- WORK ORDER -
In the listing below, find the line with "A window is" and the line with "What others will", then return them and every line between them exactly, minus the pictures.

- THE DATA -

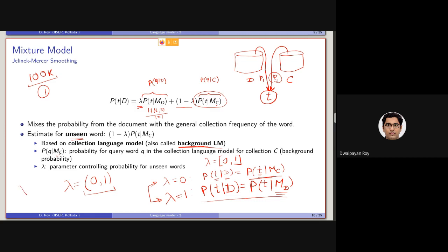If we set lambda equals to 0.5, it will basically give equal weightage to the generation probability of the term from the document as well as from the collection. In Jelinek-Mercer smoothing, we will see that for different collections, the optimal performance of the retrieval model will be obtained using different values of lambda.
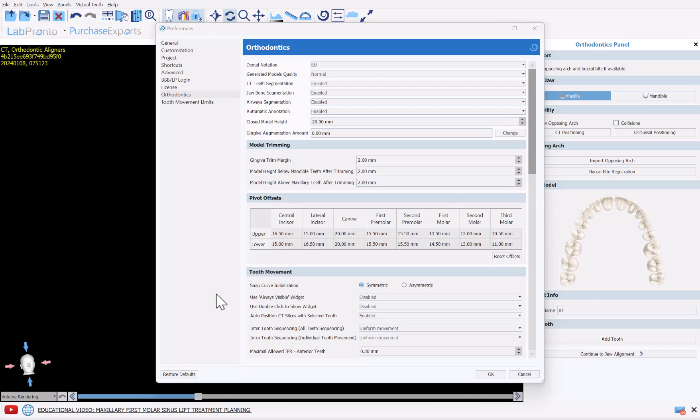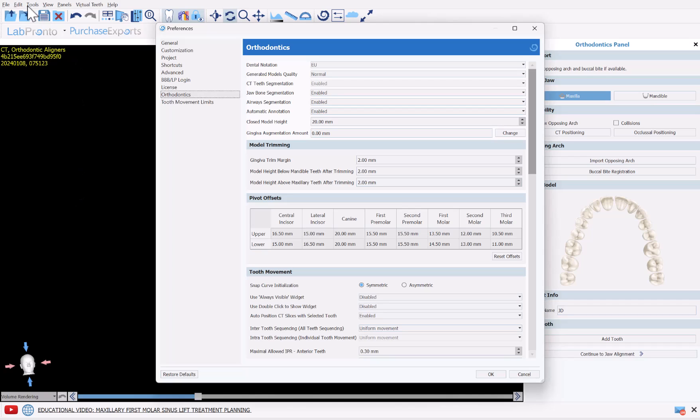Before we continue with the process flow, I'm going to show you, as I mentioned earlier, how you're able to control exactly which automatic segmentation should happen by default for your cases. So what I did is I went into Tools and I chose Preferences. Tools from the menu here and I chose Preferences, chose Orthodontics.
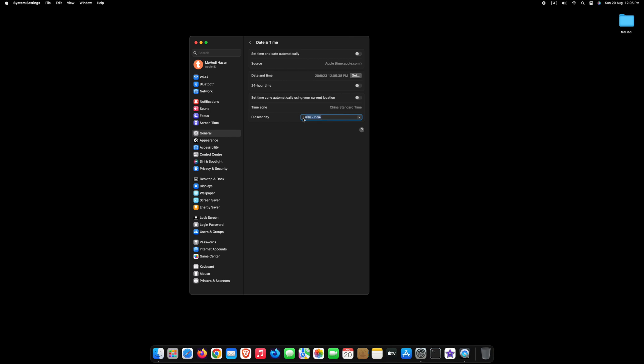To edit the time zone, type your city name here and press Enter. You can see we have successfully changed our time zone.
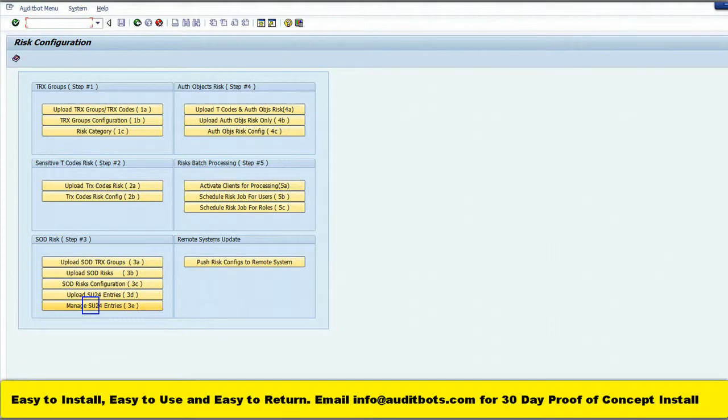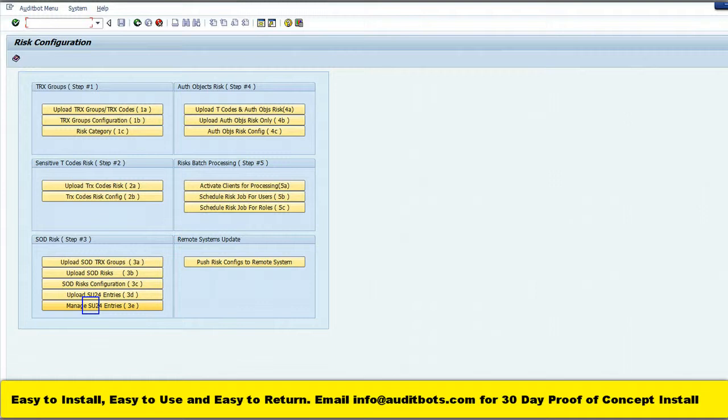In this video we are going to look at how we can maintain the authorization object values for the individual transaction within the SAP risk rule set.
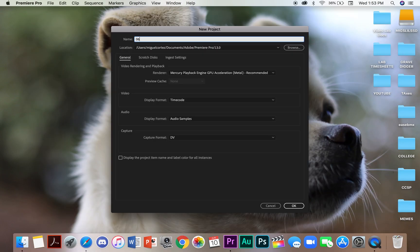A window is going to pop up asking you to name your project. In the name bar, type the name of your project.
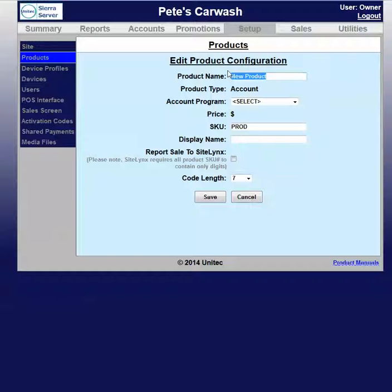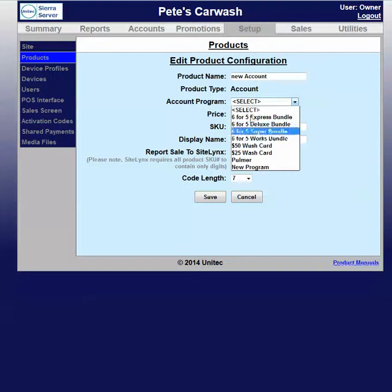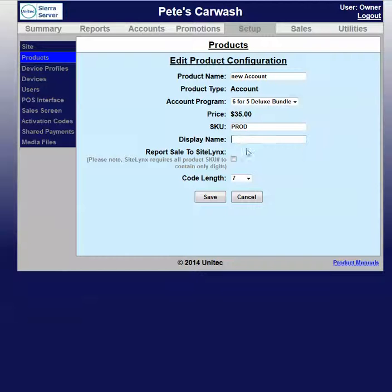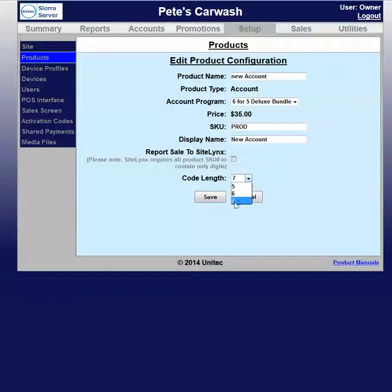Once we're here, we can edit the account name, then we can select what type of account it is, and we can also edit the display name. We can also adjust how long the code is — we can choose 5, 6, or 7. Once we have done that, you hit save.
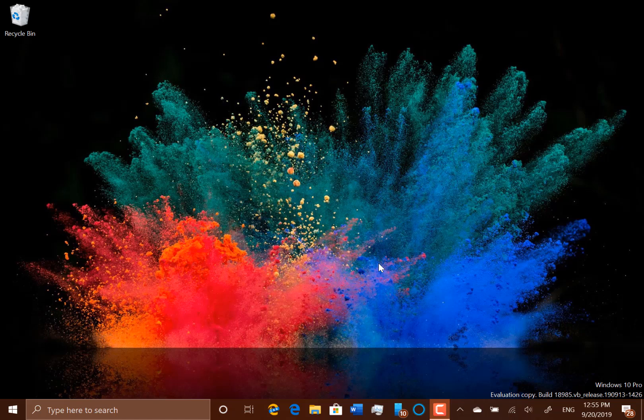So I've got a Surface Pen here that I've deleted the Bluetooth pairing from, so I'm going to put the pen back into pairing mode now and see if it comes up.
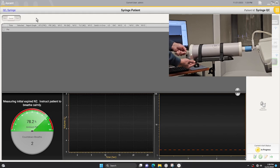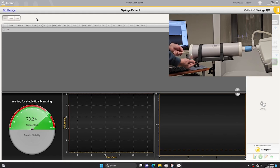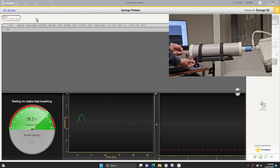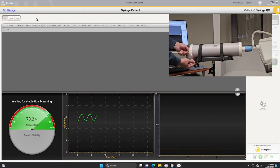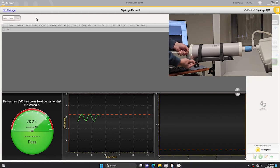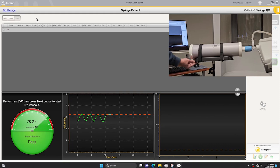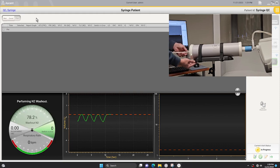After the initial tidal breaths, the volume time graph will trace the tidal breaths. When four stable tidal breaths have been established as indicated by the red horizontal dotted line at the end of exhalation, press the space bar to switch you into breathing 100% oxygen.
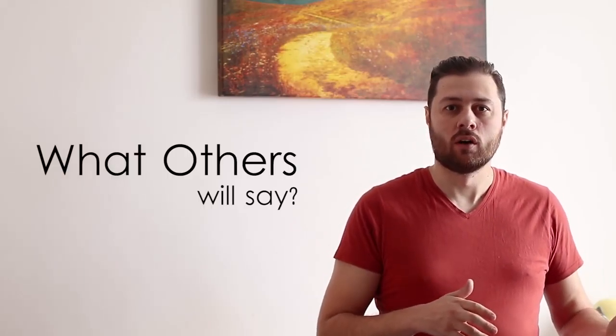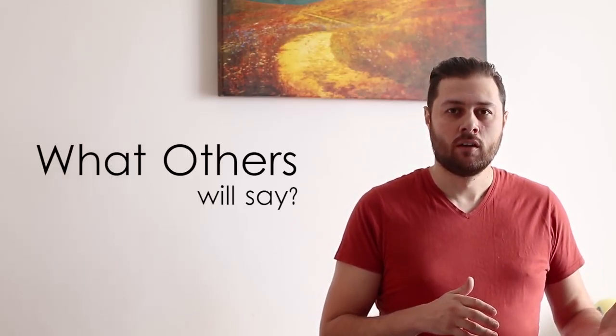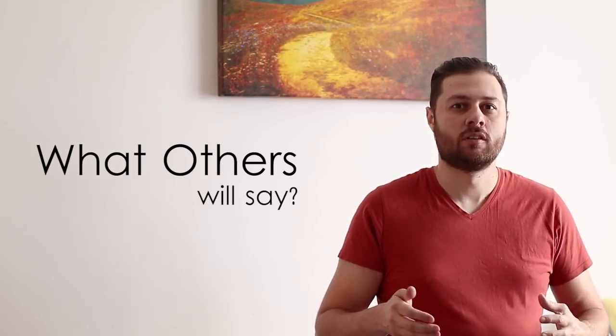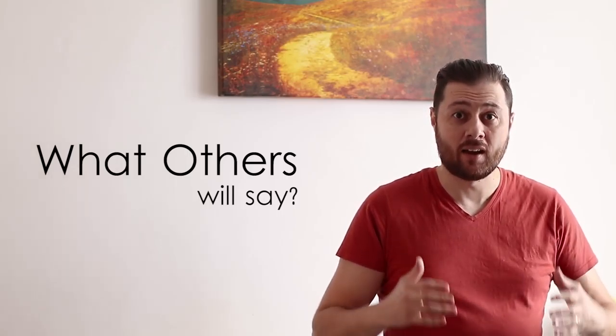What others will say about my work? This is the fundamental question that holds back a lot of good artists.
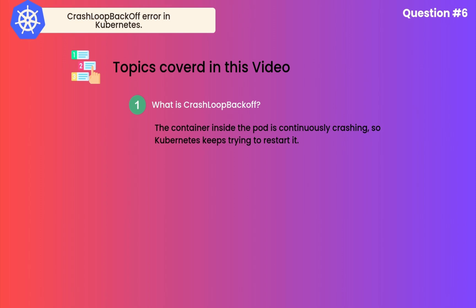What is CrashLoopBackOff? It means your container is crashing repeatedly. For example, we deployed a pod with a single container inside it. That container is stopping and Kubernetes is trying to restart it. Again, it's getting stopped, restart. This is what happens when we see CrashLoopBackOff inside a Kubernetes cluster.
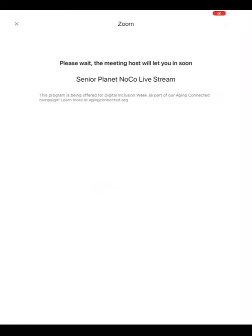Now we are ready for the lecture to begin and the host to let us in. If you have any questions on any of these steps, please contact Amanda at the Flower Memorial Library for more help. Thank you.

- WRITTEN ANSWER -
A window is going to pop up asking you to name your project. In the name bar, type the name of your project.
Once we're here, we can edit the account name, then we can select what type of account it is, and we can also edit the display name. We can also adjust how long the code is — we can choose 5, 6, or 7. Once we have done that, you hit save.
So I've got a Surface Pen here that I've deleted the Bluetooth pairing from, so I'm going to put the pen back into pairing mode now and see if it comes up.
After the initial tidal breaths, the volume time graph will trace the tidal breaths. When four stable tidal breaths have been established as indicated by the red horizontal dotted line at the end of exhalation, press the space bar to switch you into breathing 100% oxygen.
What others will say about my work? This is the fundamental question that holds back a lot of good artists.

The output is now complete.